The famous footballing cliché is ‘a game of two halves’, but Yeovil Town have had a season of two halves. After finishing 2016 just below the play-offs, they ended the campaign dangerously close to relegation.
This calendar year, the Glovers recorded just three wins from 28 games, leaving the mood around Huish Park rather downbeat. Although the frustration from the fans is completely understandable, I do wonder whether all the negativity is fully justified.
For me, the mentality was summed up by a gentleman returning to his seat for the second half against Crewe Alexandra a few weeks ago with Yeovil 2 – 0 up. As he walked up the stairs, he remarked: “They’re gonna lose 3 – 2, you know.” The final score was 3 – 0.
I have no problem with people criticising the team when they’ve lost – the players and management have certainly deserved it at times – but I also believe that the supporters should give credit where credit is due.
Indeed, there have been moments during this season where social media has been a little bit too hostile for my liking, and spectators have lambasted certain players and management decisions without giving them a chance.
Naturally, manager Darren Way has been on the receiving end of most of the criticism.
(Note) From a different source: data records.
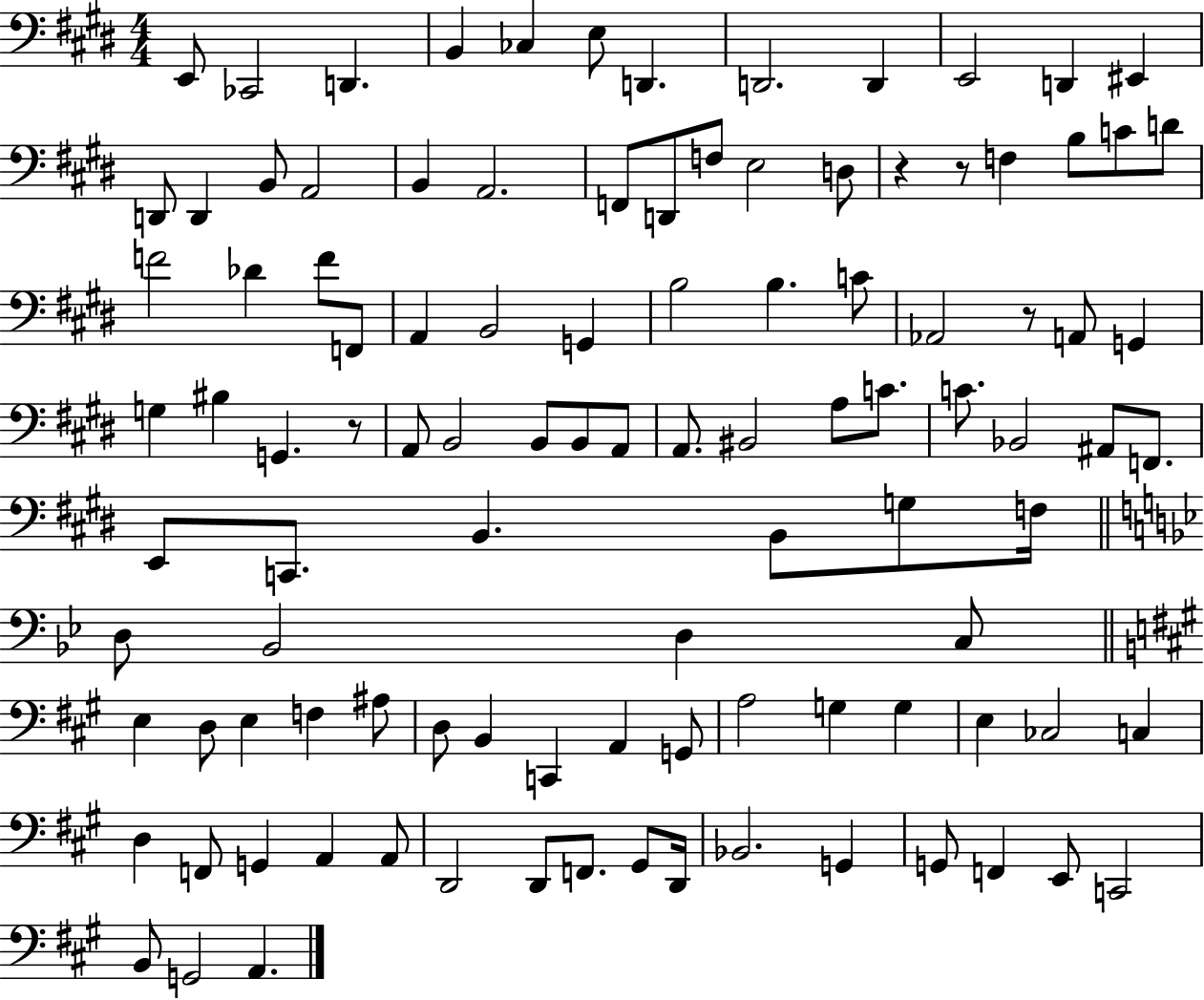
X:1
T:Untitled
M:4/4
L:1/4
K:E
E,,/2 _C,,2 D,, B,, _C, E,/2 D,, D,,2 D,, E,,2 D,, ^E,, D,,/2 D,, B,,/2 A,,2 B,, A,,2 F,,/2 D,,/2 F,/2 E,2 D,/2 z z/2 F, B,/2 C/2 D/2 F2 _D F/2 F,,/2 A,, B,,2 G,, B,2 B, C/2 _A,,2 z/2 A,,/2 G,, G, ^B, G,, z/2 A,,/2 B,,2 B,,/2 B,,/2 A,,/2 A,,/2 ^B,,2 A,/2 C/2 C/2 _B,,2 ^A,,/2 F,,/2 E,,/2 C,,/2 B,, B,,/2 G,/2 F,/4 D,/2 _B,,2 D, C,/2 E, D,/2 E, F, ^A,/2 D,/2 B,, C,, A,, G,,/2 A,2 G, G, E, _C,2 C, D, F,,/2 G,, A,, A,,/2 D,,2 D,,/2 F,,/2 ^G,,/2 D,,/4 _B,,2 G,, G,,/2 F,, E,,/2 C,,2 B,,/2 G,,2 A,,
While I agree that his naivety and inexperience has cost us considerably this year, I think if you’re going to be critical of those things, you should aim your criticism towards the person who put him in the position he’s in, rather than the man himself.
Furthermore, while I don’t buy into the idea that ‘he’s a club legend so he’s immune to criticism’, I can’t help but feel that some of the things that have been said about him have seemed particularly mean-spirited.
For example, the criticism regarding his post-match interviews has been particularly harsh, with fans latching onto little slip-ups and turning them into running jokes. Who could forget Darren’s infamous play-off push, or his notorious winning draws?
He’s a young manager and clearly not media-savvy in the same way that Gary Johnson was, but you can at least see that he’s responding to the fans’ opinions, and his pre and post-match messages have improved throughout the season.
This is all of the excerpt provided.